Gillian Westbrook of the Irish Organic Farmers & Growers Association (IOFGA): “Organic regulations cover the entire food chain, from farm production, right through to the processing and packaging stage. Organic has a set of principles that aim to safeguard our environment, improve animal welfare and produce clean, safe food for the consumer. Many substances and ingredients are prohibited in organic food. Therefore organic meat cannot have been fed cereals that contain GMOs, or cereals that have been sprayed with synthetic herbicides prior to harvest. The same applies to all organic food, fruit, vegetables, dairy produce, oils and so on. IOFGA oversee the inspection process and test 5% of all producers to check there is no presence of non-permitted residues in the food. So organic food is much more about what’s not in it as opposed to what is.”

Look for logos

Gillian Westbrook: “In order for a food to be described as organic it has to be certified organic; that means it has to be approved and licensed by an organic certification body, such as IOFGA. The certification logo will appear on the food as will the EU organic leaf logo.”

There are two organic certification bodies in Ireland.
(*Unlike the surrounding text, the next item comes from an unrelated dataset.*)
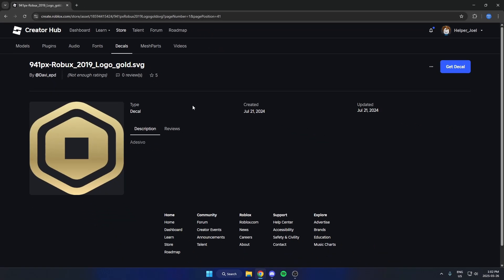That's how you can copy the image or decal ID in Roblox. I hope this video helped you out. Please remember to like and subscribe.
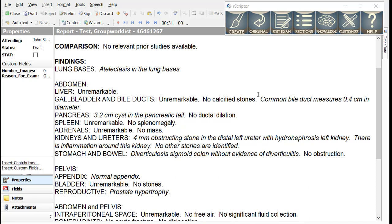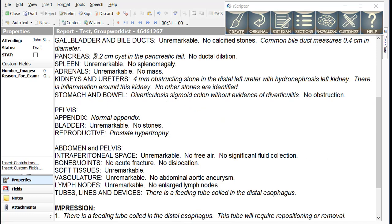We can see in this report that the common bile duct statement was placed into the gallbladder and bile duct section of the report.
Both are authorised by the Department of Agriculture, Food and the Marine.

IOFGA (Irish Organic Farmers and Growers Association) are the largest certifying body in Ireland and they certify primary producers and processors throughout the country.

The Organic Trust features on the bulk of Irish-produced organic products in Ireland and is the organic certification body of choice for the professional organic producer.

When buying organic products, look for those labelled with either the Organic Trust or IOFGA logo, the words ‘Certified Organic’ or the code IE-ORG-03.

Is organic more expensive?

Organic products tend to be more expensive than conventional equivalents for a number of reasons. They have not been forced to grow bigger using hormones, artificial pesticides or fertilisers; the farming of them tends to be more labour intensive and produce has a shorter shelf life due to not being irradiated or exposed to other chemical preservation methods. Many people believe that these benefits far outweigh the increase in cost.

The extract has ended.